Text by CLOT Magazine
From November 4 to 10 at Naturalis Biodiversity Center in Leiden Unbore collective, in collaboration with Beyond Human Festival and Leiden University, is presenting the exhibition Microbiome: Inside Out at Naturalis Biodiversity Center.
Featuring works by recent graduates from Central Saint Martins, Dia Munoz and Rosie Broadhead. Dia Munoz is an interdisciplinary artist and designer interested in the interaction of humans and technology in the near future. Munoz is fascinated by the ways in which technology shapes being human, with a special focus on health and biotechnology intersections. Apparel designer Rosie Broadhead specialises in biomaterials in the fashion industry. Her interests lie between the skin and interaction with clothing and how science and technology will influence the future of fashion.
Microbiome: Inside Out aims to imagine a future in which being human means being microbial. Our internal and external organs are a colourful landscape, swarming with bacteria, archaea, fungi, viruses and other microbes that communicate and collaborate to form and maintain the human body. But what kind of meaning does the ‘humanness’ acquire in this context? How much do we know ourselves? Are we really so distinctively human? Are some of the questions that the artists explore in this exhibition.
The exhibition will be a backdrop for the public forum on Microbiome that will take place on Thursday, November 7, from 13.00–14.00 in Naturalis Biodiversity Center, exploring the implications of the microbiome from three perspectives: artistic (Sonja Bäumel), philosophical (Dr Agnieszka Anna Wołodźko; Universiteit Leiden /Artez) and medical (Prof. Dr E. Kuijper, LUMC).

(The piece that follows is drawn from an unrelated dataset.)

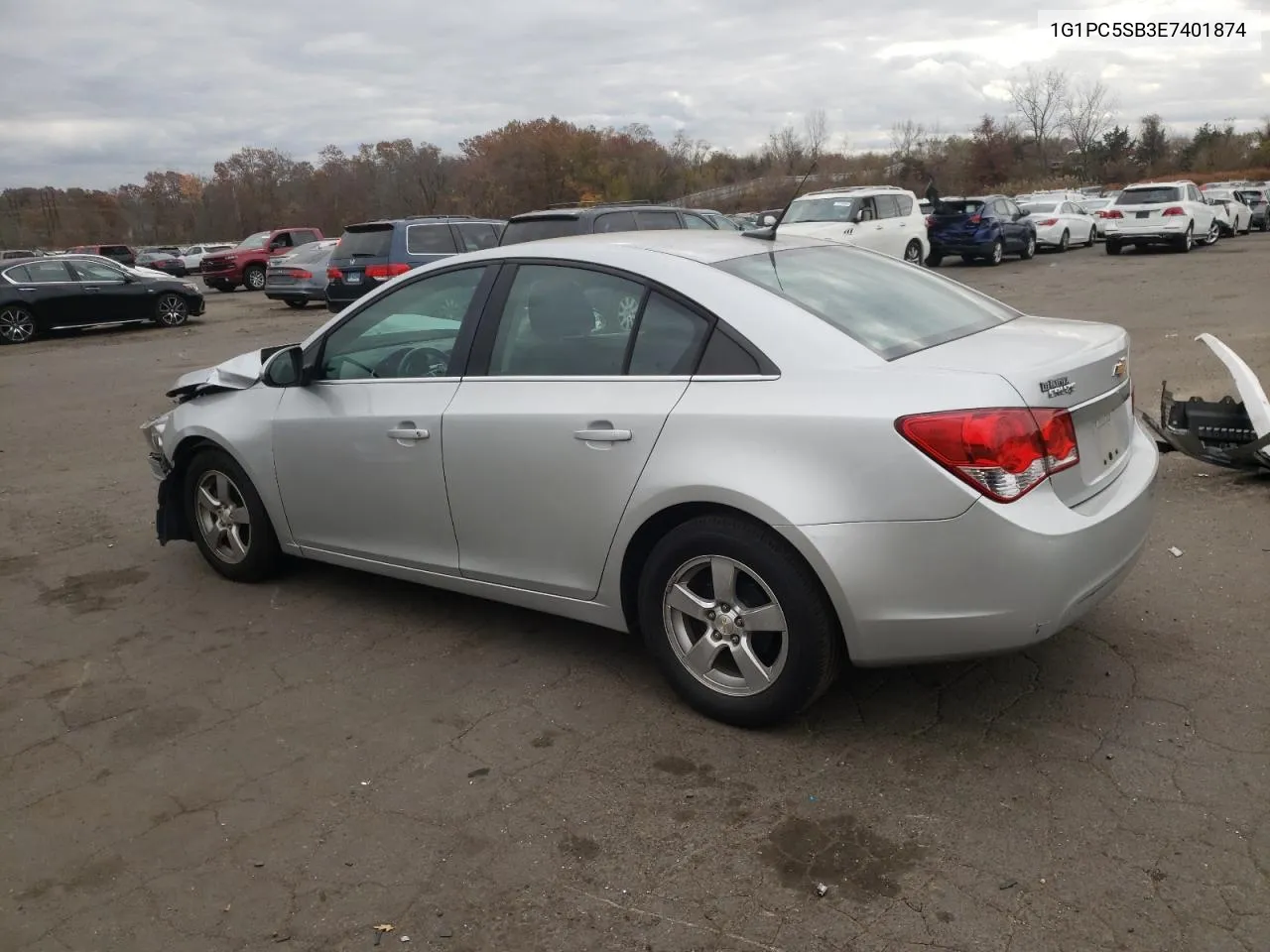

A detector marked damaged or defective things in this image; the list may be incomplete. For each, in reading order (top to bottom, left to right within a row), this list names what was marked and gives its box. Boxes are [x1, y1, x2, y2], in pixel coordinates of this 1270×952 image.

crumpled hood [164, 345, 291, 401]
damaged front fender [1143, 332, 1270, 472]
cracked asphalt [0, 239, 1264, 952]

Unbore is a non-profit organisation based in the Netherlands that aims to foster new ideas and thinking, encourage experimentation, and promote projects which unite disciplines like art, technology, and biology. At its core, Unbore hopes to inspire collective devotion to present-day issues by facilitating multidisciplinary collaboration and building a cultural bio-art/design scheme.